Includes items like discounts received (deducted), direct expenses, depreciation of factory assets, and maintenance costs.
Inventory: Includes opening and closing inventories of raw materials and finished goods.
Gross Profit: Revenue less cost of sales.
Other Income: Revenues from non-trading activities like bank interest.
Distribution Costs: Expenses related to transferring products to customers, such as storage, packing, delivery, vehicle costs, and sales/marketing expenses.
Administration Expenses: Office expenses, depreciation, and head office staff wages.
Financial Costs: Costs of servicing debt, including interest on overdrafts, loans, and debentures.
Profit on Ordinary Activities Before Tax: Remaining amount after deducting all expenses from gross profit and other income.
Corporation Tax: Tax paid to the government on company profits.
Profit on Ordinary Activities After Tax: Residual profit available for distribution to shareholders as dividends.
Statement of Financial Position
Format: Aligns with the accounting equation (Assets = Equity + Liabilities).
Assets:
Non-Current Assets: Assets for long-term continuing use.
Intangible Assets: Non-physical assets like goodwill, patents, and trademarks.
Property, Plant, and Equipment: Physical assets used for more than one trading period, shown at carrying value (after depreciation).
Investments: Financial assets like shares in other companies.
Current Assets: Resources converted to cash within a year, listed in order of liquidity.
Equity:
Share Capital: Funds invested by shareholders (ordinary and preference shares).

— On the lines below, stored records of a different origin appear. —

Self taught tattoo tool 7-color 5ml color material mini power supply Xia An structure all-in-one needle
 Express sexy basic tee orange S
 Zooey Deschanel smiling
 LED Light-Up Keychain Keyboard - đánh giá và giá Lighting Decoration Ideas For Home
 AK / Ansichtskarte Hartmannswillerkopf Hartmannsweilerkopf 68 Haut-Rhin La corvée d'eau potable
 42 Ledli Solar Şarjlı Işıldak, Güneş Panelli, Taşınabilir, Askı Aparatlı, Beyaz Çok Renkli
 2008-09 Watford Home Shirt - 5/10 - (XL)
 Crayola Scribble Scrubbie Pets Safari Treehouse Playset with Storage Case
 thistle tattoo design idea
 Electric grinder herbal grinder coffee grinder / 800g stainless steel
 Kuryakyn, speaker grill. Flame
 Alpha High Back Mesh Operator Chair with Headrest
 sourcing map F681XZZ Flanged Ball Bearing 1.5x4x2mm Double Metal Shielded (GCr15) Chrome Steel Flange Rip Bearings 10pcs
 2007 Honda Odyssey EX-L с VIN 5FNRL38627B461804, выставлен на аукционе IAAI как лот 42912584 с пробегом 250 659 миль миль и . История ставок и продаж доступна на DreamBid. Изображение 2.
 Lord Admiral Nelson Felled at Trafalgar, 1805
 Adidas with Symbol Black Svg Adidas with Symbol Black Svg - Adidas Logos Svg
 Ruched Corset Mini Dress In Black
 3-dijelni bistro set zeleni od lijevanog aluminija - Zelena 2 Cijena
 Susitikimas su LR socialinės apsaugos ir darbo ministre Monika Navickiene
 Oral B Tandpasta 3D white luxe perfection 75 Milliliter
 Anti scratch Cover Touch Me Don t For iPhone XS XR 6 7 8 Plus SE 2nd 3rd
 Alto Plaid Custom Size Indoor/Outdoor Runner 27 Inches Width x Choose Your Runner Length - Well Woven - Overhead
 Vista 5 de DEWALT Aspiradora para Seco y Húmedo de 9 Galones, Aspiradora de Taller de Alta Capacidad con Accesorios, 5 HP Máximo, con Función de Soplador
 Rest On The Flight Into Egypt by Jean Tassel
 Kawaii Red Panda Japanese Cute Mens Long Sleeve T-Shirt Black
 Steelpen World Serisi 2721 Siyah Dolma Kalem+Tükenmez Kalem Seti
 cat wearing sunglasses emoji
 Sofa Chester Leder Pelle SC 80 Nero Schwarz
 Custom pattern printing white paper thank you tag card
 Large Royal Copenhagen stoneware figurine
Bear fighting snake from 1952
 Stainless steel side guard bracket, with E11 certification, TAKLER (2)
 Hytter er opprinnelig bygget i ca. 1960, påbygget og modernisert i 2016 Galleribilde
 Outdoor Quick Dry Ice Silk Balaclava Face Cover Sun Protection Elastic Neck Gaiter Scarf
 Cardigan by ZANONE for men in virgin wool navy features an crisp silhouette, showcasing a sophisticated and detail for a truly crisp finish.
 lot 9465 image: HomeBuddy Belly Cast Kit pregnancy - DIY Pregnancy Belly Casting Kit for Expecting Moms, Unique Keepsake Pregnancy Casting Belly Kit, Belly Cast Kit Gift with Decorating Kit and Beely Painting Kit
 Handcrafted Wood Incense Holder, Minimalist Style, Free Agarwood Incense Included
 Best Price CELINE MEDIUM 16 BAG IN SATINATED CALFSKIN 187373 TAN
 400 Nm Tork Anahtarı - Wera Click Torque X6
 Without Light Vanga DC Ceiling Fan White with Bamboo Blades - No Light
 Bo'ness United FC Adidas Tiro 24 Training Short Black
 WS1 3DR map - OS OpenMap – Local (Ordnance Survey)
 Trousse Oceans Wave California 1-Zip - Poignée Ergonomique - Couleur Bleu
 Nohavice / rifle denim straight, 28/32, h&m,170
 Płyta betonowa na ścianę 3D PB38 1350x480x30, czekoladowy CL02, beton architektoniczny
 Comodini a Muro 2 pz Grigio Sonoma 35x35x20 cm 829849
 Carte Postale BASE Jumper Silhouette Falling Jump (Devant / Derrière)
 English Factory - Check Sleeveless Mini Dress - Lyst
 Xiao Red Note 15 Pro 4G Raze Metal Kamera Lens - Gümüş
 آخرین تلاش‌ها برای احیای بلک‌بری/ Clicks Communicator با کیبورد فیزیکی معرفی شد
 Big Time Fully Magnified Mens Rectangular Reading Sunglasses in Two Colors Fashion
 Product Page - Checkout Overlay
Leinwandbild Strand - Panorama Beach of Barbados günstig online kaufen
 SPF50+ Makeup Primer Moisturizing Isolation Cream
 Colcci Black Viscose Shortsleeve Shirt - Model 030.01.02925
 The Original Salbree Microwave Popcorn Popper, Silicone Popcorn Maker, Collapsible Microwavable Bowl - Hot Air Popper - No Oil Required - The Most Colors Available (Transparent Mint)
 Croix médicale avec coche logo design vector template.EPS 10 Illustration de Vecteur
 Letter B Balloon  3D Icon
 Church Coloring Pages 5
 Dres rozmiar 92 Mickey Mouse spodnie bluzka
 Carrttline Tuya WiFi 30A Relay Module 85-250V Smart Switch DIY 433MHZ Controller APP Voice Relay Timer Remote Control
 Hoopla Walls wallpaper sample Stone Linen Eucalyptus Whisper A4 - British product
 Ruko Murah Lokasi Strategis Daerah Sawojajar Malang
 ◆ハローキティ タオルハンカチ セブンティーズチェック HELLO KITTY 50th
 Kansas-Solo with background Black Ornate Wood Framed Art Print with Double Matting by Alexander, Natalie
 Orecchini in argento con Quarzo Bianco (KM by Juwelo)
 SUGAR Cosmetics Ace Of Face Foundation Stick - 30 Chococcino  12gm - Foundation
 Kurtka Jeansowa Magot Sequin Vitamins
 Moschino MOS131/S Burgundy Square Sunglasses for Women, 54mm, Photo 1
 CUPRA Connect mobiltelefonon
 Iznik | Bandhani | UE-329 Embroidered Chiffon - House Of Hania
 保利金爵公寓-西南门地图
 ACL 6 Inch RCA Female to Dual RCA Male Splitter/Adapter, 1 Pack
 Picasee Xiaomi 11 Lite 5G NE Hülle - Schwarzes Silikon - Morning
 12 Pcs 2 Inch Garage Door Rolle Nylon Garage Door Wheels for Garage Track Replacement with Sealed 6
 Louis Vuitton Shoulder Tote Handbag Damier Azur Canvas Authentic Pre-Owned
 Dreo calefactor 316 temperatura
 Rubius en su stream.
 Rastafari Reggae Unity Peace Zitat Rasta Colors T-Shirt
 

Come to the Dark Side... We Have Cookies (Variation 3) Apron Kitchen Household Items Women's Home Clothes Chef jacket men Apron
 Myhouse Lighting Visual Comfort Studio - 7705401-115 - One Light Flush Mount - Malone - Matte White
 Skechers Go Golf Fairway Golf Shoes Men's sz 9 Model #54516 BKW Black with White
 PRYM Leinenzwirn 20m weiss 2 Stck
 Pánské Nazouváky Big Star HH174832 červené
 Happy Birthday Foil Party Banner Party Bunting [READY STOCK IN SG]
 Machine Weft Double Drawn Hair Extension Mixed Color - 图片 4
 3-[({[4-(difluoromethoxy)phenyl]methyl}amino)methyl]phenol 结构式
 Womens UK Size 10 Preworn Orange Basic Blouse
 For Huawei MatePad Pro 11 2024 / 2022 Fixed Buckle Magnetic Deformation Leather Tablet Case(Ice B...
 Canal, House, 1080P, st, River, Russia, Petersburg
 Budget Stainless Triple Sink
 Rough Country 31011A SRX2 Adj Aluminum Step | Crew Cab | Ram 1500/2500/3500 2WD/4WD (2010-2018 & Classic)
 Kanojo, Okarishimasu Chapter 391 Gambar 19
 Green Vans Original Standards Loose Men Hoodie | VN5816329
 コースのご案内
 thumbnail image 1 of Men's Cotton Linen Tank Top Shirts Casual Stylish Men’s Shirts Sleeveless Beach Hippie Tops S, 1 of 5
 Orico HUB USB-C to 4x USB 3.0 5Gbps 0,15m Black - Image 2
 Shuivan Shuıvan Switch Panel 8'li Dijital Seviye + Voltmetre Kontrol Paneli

Reserves: Undistributed profits, including share premium, revaluation reserve, general reserve, and retained earnings.
Liabilities:
Non-Current Liabilities: Amounts owed over the longer term (beyond one year), including bank loans and debentures.
Current Liabilities: Amounts owed that are expected to be settled within the next 12 months, such as trade payables, other payables, short-term borrowings, corporation tax payable, and provisions.
Statement of Changes in Equity
Overview: This statement details the changes in shareholders' investments over time.
Components:
Share capital, retained earnings, and reserves
Additional Detail: Profit after tax for the current year, dividend payments to shareholders and changes in the share capital and reserves must also reflect.
Connection to Other Statements of Profit or Loss and other comprehensive income & Statement of Financial Position: Acts as a detailed expression of what impacts the investment values found within other statements.
Role of the auditor report
Auditor: Examines financial records and issues opinions on the financial statements.
Internal Auditors would examine the controls related to a company and processes
Roles:
Independence: Required to provide the financial information in relevant international accounting standards.
Compliance: Ensuring financial statements comply with accounting standards such as in IAS 1.
Objectivity: Ensuring that financial statements give a 'true and fair view' and are not misleading to stakeholders.
Corporate governance reporting.
Directors Report
Summary of main activities and changes happened over the year.
Directors statement of responsibilities
Outlines progress of company and examines future potential and plans
Other Considerations
Continuing and Discontinued Activities: Presents revenues and profits separately to allow understanding of ongoing and past operations
Exceptional Items: Disclosure and classification of items to consider size/frequency allowing users value of revenues/expenses that won't reflect in the future.